Acute myeloid leukemia (AML), a cancer arising from the abnormal growth in the blood-forming tissue of the bone marrow, is the most common type of acute leukemia affecting adults. It can lead to death within months, or even weeks if left untreated. The identification of a therapeutic target and anti-cancer drugs by a group of international scientists led by the Cancer Science Institute (CSI) Singapore at NUS may bring reprieve for such patients.
Research has shown genetic abnormalities in AML, with mutations of CEBPA, a tumour suppressor, found in about 10 per cent of patients.

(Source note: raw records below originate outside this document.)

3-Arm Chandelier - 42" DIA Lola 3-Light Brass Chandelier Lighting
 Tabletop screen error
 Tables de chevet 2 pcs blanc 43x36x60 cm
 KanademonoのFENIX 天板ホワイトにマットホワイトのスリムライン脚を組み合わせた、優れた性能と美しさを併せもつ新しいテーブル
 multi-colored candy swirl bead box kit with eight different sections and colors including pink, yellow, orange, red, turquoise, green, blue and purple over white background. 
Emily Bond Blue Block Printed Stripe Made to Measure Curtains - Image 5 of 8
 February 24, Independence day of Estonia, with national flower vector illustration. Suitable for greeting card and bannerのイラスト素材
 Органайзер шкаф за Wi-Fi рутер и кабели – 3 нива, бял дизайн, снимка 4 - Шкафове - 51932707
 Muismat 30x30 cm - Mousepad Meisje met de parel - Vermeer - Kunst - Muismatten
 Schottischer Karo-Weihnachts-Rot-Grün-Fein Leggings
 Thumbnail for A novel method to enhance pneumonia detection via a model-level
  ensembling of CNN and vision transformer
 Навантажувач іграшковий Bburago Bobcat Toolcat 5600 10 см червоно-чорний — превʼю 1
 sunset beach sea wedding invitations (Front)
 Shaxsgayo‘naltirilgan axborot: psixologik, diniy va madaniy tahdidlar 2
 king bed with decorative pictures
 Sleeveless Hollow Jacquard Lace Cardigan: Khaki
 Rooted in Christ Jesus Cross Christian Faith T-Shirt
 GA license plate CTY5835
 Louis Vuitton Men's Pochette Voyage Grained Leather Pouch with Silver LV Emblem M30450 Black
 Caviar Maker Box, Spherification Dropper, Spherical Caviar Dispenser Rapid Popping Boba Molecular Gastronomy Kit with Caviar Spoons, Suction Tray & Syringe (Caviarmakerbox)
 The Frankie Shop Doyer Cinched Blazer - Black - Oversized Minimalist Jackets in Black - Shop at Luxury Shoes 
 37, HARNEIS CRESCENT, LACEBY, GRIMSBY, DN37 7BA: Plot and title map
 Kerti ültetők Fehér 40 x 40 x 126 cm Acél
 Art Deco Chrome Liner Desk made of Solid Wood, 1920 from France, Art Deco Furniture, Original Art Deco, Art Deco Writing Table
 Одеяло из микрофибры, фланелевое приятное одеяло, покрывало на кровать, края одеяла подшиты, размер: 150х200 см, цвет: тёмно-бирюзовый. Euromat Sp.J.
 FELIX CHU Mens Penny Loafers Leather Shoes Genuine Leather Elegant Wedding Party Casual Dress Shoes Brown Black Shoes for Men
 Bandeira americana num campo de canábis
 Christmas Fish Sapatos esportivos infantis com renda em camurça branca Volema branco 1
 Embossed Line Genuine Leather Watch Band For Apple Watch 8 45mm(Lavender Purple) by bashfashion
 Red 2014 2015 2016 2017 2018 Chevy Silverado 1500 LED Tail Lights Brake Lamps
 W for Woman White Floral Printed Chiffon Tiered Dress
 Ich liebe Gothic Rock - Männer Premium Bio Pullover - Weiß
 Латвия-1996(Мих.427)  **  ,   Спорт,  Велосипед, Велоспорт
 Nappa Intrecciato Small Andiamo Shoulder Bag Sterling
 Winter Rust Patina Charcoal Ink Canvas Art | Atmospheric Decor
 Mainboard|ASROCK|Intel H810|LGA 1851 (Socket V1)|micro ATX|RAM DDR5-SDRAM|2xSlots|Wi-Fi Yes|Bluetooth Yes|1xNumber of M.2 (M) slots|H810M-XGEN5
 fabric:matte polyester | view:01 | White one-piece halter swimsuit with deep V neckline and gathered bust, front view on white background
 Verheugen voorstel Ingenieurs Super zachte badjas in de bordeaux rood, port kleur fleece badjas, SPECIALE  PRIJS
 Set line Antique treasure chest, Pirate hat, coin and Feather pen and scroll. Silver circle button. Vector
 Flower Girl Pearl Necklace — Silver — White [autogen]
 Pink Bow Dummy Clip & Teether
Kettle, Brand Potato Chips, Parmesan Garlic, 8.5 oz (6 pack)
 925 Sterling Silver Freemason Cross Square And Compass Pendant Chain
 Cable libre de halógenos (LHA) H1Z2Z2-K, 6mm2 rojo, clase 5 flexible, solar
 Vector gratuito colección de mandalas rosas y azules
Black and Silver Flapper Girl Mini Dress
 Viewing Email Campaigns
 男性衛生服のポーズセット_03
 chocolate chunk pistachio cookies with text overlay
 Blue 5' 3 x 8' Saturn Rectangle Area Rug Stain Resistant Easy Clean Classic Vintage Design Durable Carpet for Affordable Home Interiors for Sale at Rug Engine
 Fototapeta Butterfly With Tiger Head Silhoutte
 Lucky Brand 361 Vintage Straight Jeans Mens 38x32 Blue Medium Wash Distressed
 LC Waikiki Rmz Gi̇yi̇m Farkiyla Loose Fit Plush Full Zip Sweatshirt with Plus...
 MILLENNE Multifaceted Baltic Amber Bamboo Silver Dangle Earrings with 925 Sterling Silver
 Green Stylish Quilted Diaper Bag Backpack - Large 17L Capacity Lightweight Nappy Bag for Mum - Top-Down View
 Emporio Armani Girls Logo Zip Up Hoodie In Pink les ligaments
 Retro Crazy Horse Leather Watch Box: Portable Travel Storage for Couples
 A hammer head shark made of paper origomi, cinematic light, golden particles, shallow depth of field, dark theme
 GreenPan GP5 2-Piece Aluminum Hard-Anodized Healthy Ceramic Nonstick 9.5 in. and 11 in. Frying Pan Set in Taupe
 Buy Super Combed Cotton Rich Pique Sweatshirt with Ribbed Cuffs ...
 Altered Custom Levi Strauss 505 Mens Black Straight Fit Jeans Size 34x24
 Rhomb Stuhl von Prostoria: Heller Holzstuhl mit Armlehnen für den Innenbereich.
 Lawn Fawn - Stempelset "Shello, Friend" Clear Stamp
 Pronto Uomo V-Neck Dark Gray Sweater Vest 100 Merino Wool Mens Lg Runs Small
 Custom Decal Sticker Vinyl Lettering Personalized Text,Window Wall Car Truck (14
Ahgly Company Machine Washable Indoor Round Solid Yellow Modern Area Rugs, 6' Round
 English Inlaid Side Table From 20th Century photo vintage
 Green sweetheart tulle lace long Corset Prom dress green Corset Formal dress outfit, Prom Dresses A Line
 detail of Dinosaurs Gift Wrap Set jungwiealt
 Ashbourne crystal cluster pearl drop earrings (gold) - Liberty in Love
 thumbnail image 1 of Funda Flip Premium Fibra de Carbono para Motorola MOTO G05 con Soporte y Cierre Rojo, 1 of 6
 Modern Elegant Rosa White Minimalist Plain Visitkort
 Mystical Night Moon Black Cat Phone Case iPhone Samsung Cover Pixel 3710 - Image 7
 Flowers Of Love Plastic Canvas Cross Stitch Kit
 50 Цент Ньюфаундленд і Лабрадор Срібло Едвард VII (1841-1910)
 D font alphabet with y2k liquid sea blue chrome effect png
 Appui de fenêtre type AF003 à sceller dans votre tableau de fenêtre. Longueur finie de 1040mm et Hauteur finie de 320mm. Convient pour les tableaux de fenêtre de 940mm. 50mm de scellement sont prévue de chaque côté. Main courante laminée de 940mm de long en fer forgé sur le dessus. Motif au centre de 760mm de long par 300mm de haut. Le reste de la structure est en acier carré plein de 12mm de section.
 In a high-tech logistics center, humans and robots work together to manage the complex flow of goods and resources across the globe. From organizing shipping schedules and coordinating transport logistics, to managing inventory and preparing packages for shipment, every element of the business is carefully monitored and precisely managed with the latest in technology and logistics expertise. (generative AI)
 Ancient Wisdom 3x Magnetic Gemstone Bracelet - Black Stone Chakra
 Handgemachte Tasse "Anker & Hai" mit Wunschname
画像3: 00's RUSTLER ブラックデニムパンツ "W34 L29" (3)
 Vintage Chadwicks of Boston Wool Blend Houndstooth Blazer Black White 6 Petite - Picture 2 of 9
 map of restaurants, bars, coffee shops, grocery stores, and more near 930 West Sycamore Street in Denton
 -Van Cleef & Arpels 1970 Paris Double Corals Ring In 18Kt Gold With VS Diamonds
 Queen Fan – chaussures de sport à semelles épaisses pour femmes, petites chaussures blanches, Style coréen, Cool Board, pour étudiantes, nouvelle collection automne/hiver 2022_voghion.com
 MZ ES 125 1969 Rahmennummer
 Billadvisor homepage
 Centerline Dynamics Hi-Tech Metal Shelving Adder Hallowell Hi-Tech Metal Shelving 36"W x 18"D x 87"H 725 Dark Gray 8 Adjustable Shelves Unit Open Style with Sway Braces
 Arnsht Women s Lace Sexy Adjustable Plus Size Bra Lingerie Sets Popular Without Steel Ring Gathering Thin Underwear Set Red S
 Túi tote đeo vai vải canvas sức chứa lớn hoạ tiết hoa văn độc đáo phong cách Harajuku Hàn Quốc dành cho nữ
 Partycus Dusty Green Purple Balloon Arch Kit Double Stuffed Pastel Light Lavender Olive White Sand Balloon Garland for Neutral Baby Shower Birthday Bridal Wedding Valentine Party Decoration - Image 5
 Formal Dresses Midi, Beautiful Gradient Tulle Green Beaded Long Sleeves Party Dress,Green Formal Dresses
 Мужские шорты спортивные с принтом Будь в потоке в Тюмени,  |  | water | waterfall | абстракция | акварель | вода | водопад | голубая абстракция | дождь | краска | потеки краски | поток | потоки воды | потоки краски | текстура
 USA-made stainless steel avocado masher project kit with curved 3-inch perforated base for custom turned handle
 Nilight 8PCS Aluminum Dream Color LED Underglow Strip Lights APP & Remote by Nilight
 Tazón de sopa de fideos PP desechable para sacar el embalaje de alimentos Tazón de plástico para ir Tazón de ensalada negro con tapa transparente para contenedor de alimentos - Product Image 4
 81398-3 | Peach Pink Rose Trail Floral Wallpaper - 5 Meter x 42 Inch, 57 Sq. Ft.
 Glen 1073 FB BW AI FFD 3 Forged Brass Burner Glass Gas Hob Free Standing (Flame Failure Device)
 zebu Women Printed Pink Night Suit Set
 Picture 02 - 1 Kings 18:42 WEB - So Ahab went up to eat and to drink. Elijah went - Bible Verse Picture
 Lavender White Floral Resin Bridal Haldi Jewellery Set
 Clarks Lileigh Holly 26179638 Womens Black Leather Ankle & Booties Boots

Two separate studies by the team on CEBPA mutations in AML subtypes successfully determined an oncogene known as Sox4 as a potential therapeutic target, and a class of anti-cancer drugs, histone deacetylase (HDAC) inhibitors, as potential candidates in the treatment of certain AML.
Both work conducted by investigators from Singapore, Austria, Czech Republic, Italy, the Netherlands, Sweden, the UK and US, was headed by Professor Daniel Tenen, Director of CSI Singapore.
The team discovered a molecular target for CEBPA mutations by showing that targeting Sox4 significantly affects the major types of leukemia in mutated human CEBPA AML samples. This is the first study identifying a molecular target downstream of CEBPA mutations, where the failure to suppress Sox4 expression leads to the progression of leukemia. The information, published in leading journal Cancer Cell, provides knowledge that can be tapped for approaches to address this subtype of AML.
The researchers will continue to look into the downstream signalling components of Sox4 and examine the effect of pharmaceutical drugs on these pathways, with a view to developing novel therapeutic drugs for cancer.
The second breakthrough came when the scientists pinpointed a group of genes not properly expressed in a subgroup of AML patient samples. Tests of HDAC inhibitors – a class of anti-cancer drugs – on the subtype of AML using laboratory models and patient blood samples found that the inhibitors were able to reactivate the expression of the CEBPA genes. This spells exciting possibilities that the inhibitors could potentially be used as drugs in the treatment of certain AML. The work was first published online in Haematologica.
As HDAC inhibitors have complex mechanisms of action, the researchers plan to further delve into the behaviour of these drugs at the molecular level so as to establish ways to promote the growth of healthy blood cells.
Prof Tenen noted: “Up to now, therapeutic options for AML are very limited. By understanding oncogenic pathways and the signatures which respond to specific enzyme inhibitors, we can build up our knowledge and understanding towards the development of more efficient drugs. We hope to apply similar approaches to identify new therapeutic avenues for other types of AML.”